Despite more reports of cops in sexual abuse cases, PNP says these are "isolated"

[ 327 words|2018.11.6|英字 ]

The Philippine National Police ( PNP) on Monday said a data released by Center for Women's Resources (CWR) showing more police officers allegedly involved in sexual abuse are only "isolated cases".

In a press briefing in Camp Crame, PNP Director General Oscar Albayalde said it's unfair and harsh to say that these cases are rampant.

"Since I became the regional director in National Capital Region, there was never a single incident of that sort," Albyalde said.

"There are probably sexual advancements that is happening but to say it's rampant, I think that's harsh to say. That's unfair for us if you say that, it's totally unfair to the PNP," he added.

Albayalde made the statement after the CWR showed recent data of 56 cops reportedly involved in 33 state-perpetrated cases of violence against women under President Duterte's administration.

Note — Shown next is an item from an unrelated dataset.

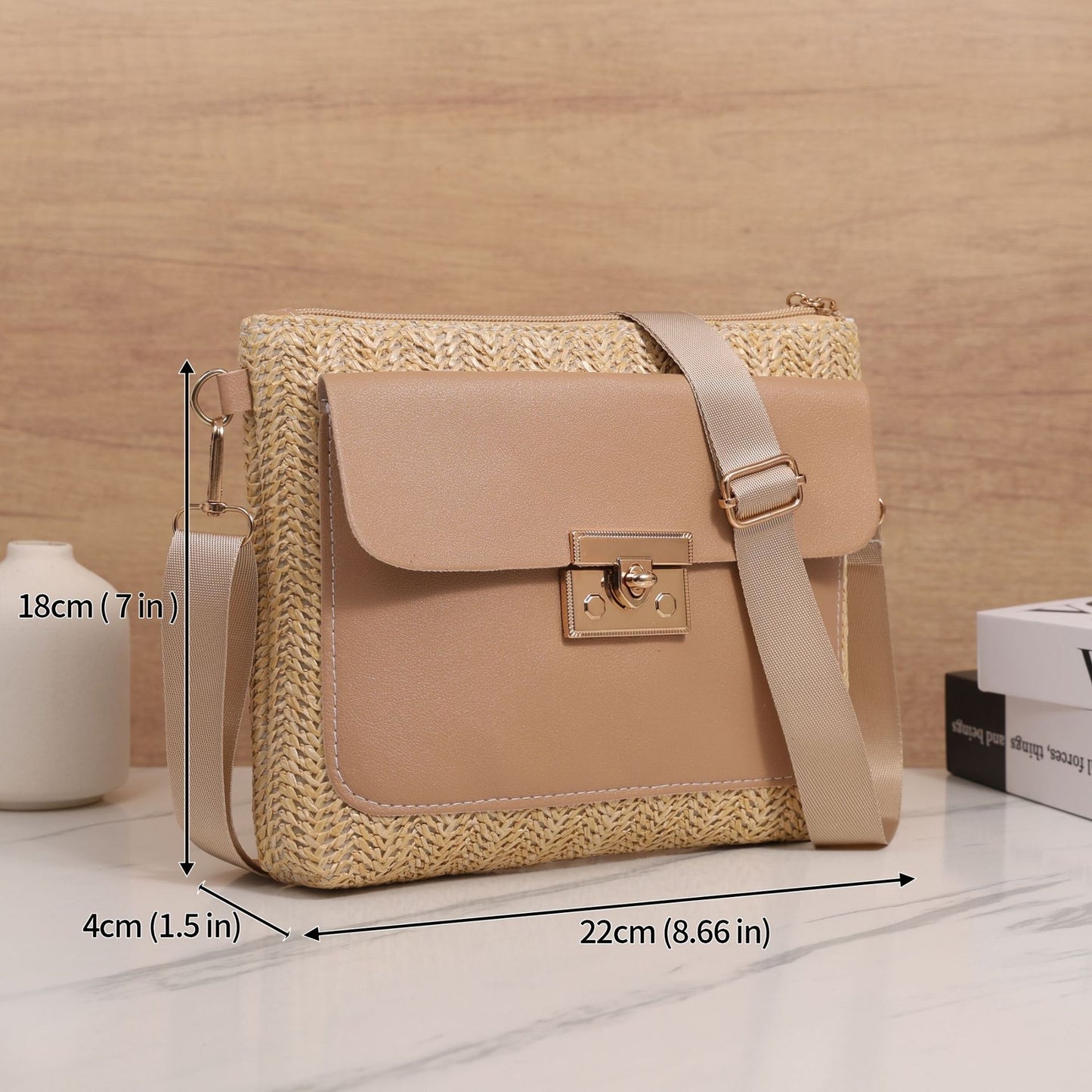 Straw Shoulder Bag Solid Color Crossbody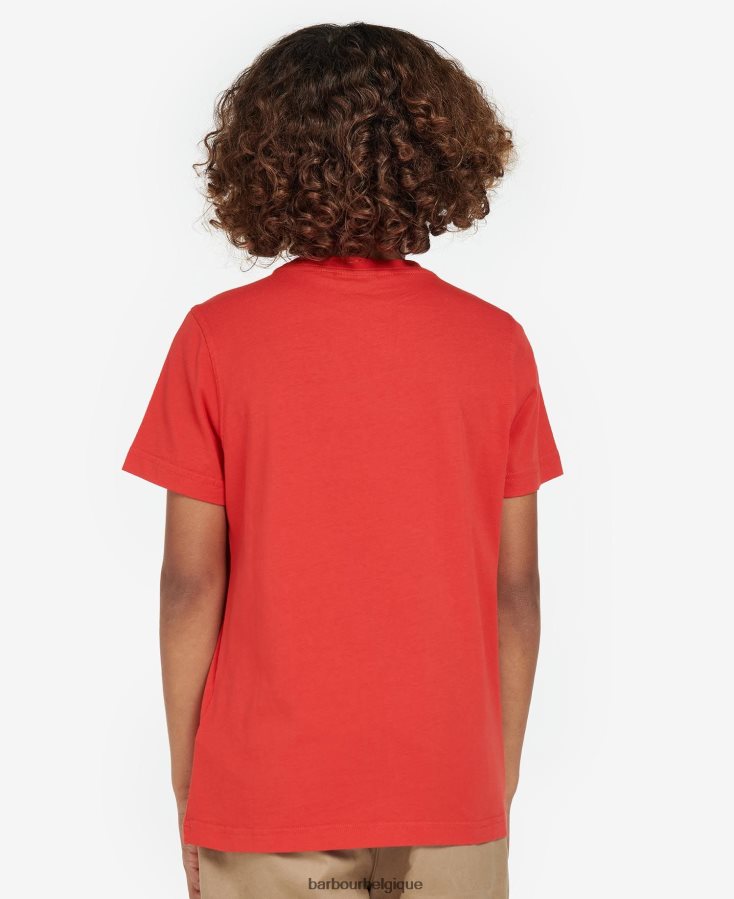 vêtements Barbour t-shirt géorgie vert vigne garçons T2L6ZP2523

According to CWR, out of those 33 cases, 13 cases involve victims who are 17 years old and below. Abuses monitored are categorized into following forms: catcalling/harassment/sexual harassment/other forms of sexual abuse, physical assault, acts of lasciviousness, blackmailing, trafficking, and rape.

Albayalde said this act does not reflect the general behavior and discipline of the PNP.

He added the PNP does not tolerate this behavior even if they considered it as isolated cases.

"We will never tolerate these things to happen in our ranks and we want to assure the public on that. We will never tolerate and will show no mercy on these kinds of acts," he said.

"It's not everyday that these things happen. That's totally harsh and unfair on our part," he repeated.

CWR said the incidents such as the involvement of Manila police cops showed that the "culture of impunity is more rampant."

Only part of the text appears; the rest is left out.